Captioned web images
══════
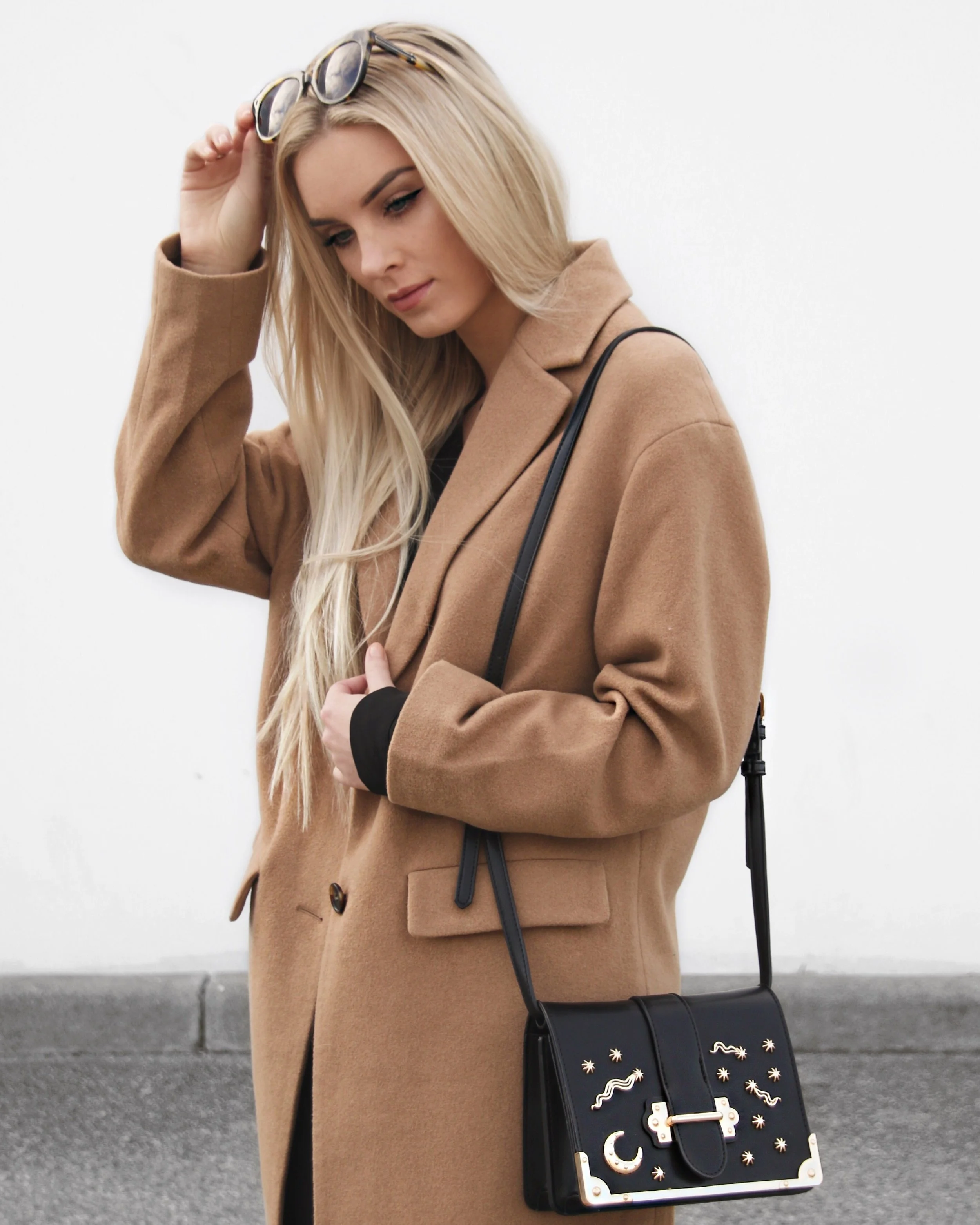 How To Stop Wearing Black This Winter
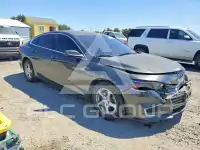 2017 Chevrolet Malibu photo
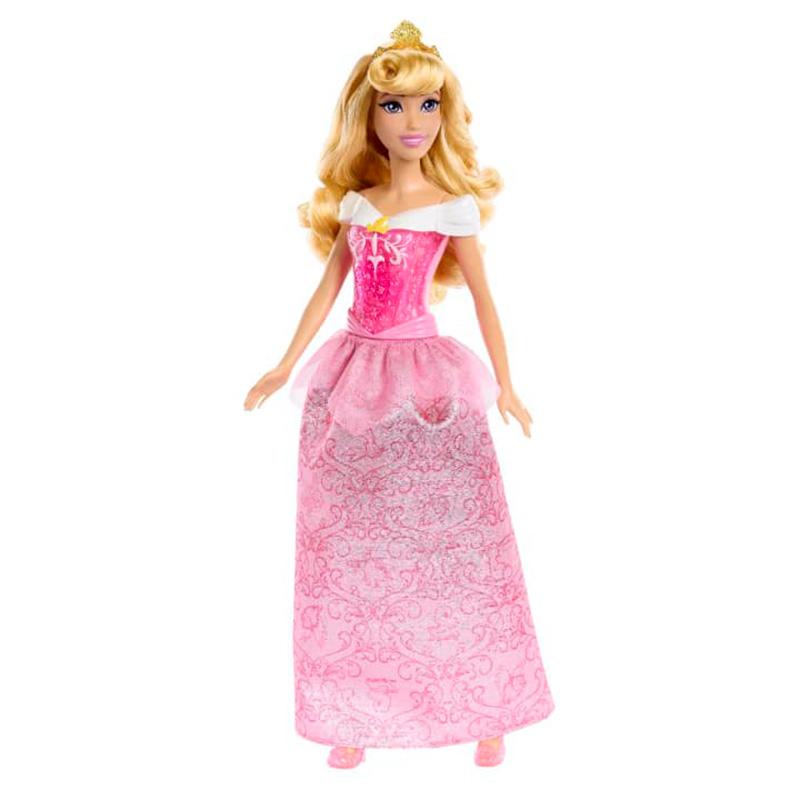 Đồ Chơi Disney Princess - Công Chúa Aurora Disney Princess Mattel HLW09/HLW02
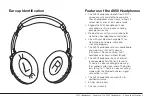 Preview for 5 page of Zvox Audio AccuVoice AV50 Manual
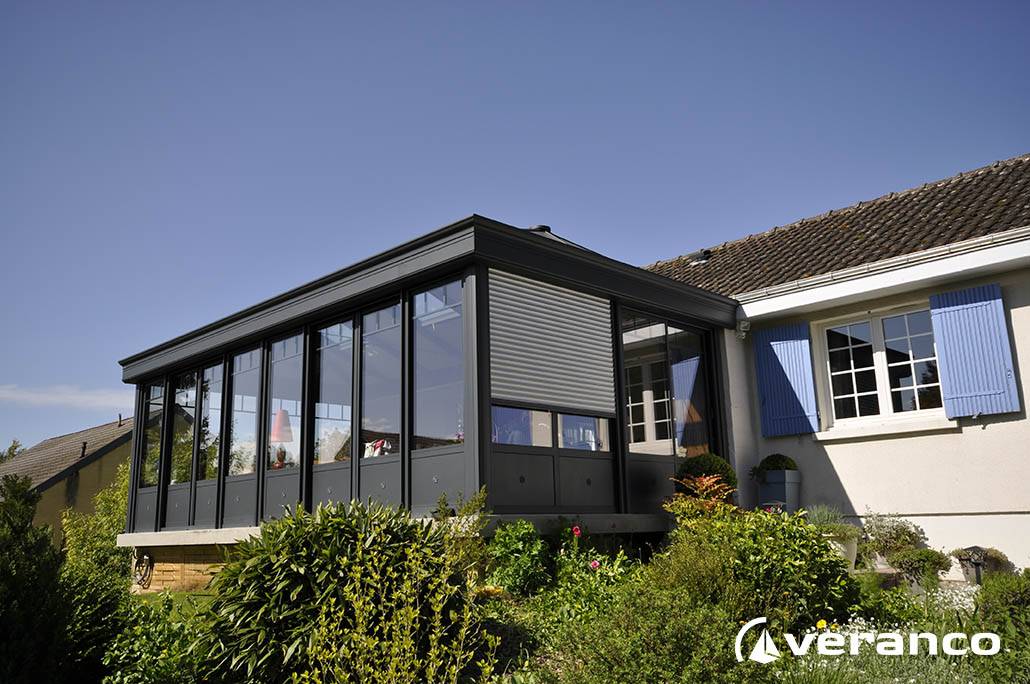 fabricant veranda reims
══════
# Aim of the task
No pictures should appear in the copy. Reproduce exactly the lines from the line containing "Preview for 5" through the last line of the data, inclusive.

# Output
 Preview for 5 page of Zvox Audio AccuVoice AV50 Manual
 fabricant veranda reims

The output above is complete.